Après une autre heure de route, Chuck propose de s'arrêter pour observer l'orage qui éclate. Le camion tourne à droite au sommet d'une côte et s'arrête dans un chemin de terre. «On va rester ici un bout de temps, dit Chuck. Le spectacle risque d'être impressionnant. En sortant, faites attention à la clôture de barbelés.»

Une bourrasque de vent chaud nous souffle au visage. Il est 22h, et le ciel est complètement noir. Devant nous, les éclairs explosent à toutes les cinq secondes, déchirent l'horizon. Le ciel infini du Nebraska comme un écran IMAX. La foudre comme un bombardement à haute altitude. Je n'ai jamais vu autant d'éclairs de ma vie. Rarement se sent-on aussi petit. Comme une poussière que les éléments tolèrent. Un témoin devant le spectacle du chaos.

Personne ne s'en va cette fois. Personne ne dit mot. Des trépieds apparaissent. Chuck Doswell hurle de joie, le visage collé contre l'objectif de sa caméra.
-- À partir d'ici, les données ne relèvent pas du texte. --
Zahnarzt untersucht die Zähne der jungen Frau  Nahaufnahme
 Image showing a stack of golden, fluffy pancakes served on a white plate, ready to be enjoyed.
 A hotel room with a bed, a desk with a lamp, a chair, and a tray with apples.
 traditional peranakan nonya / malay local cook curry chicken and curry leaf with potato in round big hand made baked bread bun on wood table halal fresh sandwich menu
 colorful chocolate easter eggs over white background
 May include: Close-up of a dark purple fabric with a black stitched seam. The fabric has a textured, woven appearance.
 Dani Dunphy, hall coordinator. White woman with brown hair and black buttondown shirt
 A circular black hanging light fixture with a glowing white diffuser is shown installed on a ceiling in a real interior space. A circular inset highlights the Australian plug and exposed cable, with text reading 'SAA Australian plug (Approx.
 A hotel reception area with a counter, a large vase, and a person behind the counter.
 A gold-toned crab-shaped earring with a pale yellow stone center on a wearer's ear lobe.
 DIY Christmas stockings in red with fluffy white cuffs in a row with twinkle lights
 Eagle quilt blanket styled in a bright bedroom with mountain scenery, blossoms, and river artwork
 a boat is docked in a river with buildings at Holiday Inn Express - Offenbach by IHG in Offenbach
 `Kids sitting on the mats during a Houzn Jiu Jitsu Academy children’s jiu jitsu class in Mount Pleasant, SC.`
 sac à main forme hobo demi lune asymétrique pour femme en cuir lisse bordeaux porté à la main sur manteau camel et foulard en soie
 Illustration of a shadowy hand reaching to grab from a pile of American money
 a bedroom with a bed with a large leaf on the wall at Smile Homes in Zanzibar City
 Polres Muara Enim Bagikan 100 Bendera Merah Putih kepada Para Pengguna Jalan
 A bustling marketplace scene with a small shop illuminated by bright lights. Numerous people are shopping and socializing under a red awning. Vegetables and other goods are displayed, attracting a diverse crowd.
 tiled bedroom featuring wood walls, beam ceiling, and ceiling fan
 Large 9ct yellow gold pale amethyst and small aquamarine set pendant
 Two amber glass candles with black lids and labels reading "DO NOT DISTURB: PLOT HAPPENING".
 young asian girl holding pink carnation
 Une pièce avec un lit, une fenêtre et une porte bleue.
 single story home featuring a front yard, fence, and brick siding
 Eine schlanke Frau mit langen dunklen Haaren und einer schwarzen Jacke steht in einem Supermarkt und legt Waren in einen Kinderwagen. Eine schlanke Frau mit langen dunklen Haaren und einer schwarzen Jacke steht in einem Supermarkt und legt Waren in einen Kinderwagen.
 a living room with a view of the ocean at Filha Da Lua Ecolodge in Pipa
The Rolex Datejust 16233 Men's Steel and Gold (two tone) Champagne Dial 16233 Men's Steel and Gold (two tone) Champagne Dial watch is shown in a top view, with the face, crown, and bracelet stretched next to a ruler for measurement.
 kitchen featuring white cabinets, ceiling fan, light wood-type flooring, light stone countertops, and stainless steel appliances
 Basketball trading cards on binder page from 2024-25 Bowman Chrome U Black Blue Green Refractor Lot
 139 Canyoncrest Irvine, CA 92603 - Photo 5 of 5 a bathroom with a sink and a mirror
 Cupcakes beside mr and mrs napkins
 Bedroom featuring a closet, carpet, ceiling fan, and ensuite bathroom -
Comment les tornades se forment-elles ?

Les tornades sont un vortex de vents extrêmement violents qui descend d'un cumulonimbus. Pour se former, elles nécessitent des conditions météorologiques précises : un taux d'humidité élevé, du temps chaud, un courant ascendant, et une grande quantité d'énergie disponible.